Washington D.C: Obese people pile on the kilos because they never grow out of their childhood sweet tooth, suggests a recent study.
As young people reach adulthood, their preferences for sweet foods typically decline. But for people with obesity, new research suggests that the drop-off may not be as steep and that the brain's reward system operates differently in obese people than in thinner people, which may play a role in this phenomenon.
"We believe we may have identified a new abnormality in the relationship between reward response to food and dopamine in the brains of individuals with obesity," said first author M. Yanina Pepino.
Pepino added, "In general, people grow less fond of sweet things as they move from adolescence into adulthood. Also, as we age, we have fewer dopamine receptors in a brain structure, called the striatum, that is critical to the reward system. We find that both younger age and fewer dopamine receptors are associated with a higher preference for sweets in those of normal weight. However, in people with obesity, that was not the case in our study."
The researchers studied 20 subjects with healthy weights and compared them with 24 people considered obese, each of whom had a body mass index of 30 or higher. The study volunteers were 20 to 40 years old.

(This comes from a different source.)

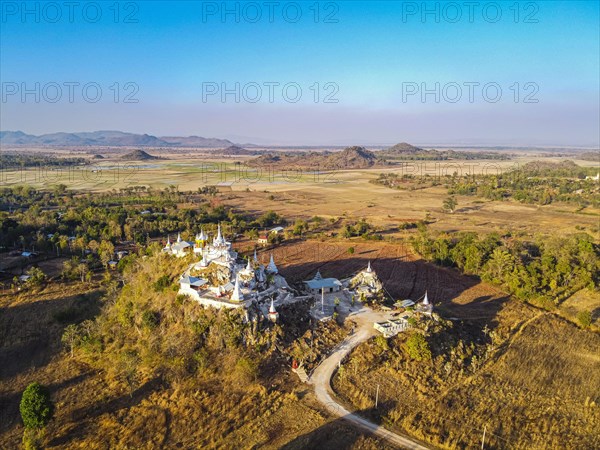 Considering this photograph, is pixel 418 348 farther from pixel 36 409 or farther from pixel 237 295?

"We found disparities in preference for sweets between individuals, and we also found individual variations in dopamine receptors, some people have high levels and some low, but when we looked at how those things go together, the general trend in people of normal weight was that having fewer dopamine receptors was associated with a higher preference for sweets," said co-investigator Tamara Hershey.
But that wasn't true in the obese subjects. The relationship between their ages, sweetness preferences and dopamine receptors didn't follow the pattern seen in people who weighed less.
Pepino and Hershey explained that it's possible that insulin resistance or some other metabolic change linked to obesity could contribute to the absence of those associations in the obese group. Although none of the obese study participants had diabetes, some had higher blood glucose and insulin concentrations, and some were becoming resistant to insulin. The researchers believe those factors could have altered the brain's response to sweet things.
The new findings are published online in the journal Diabetes.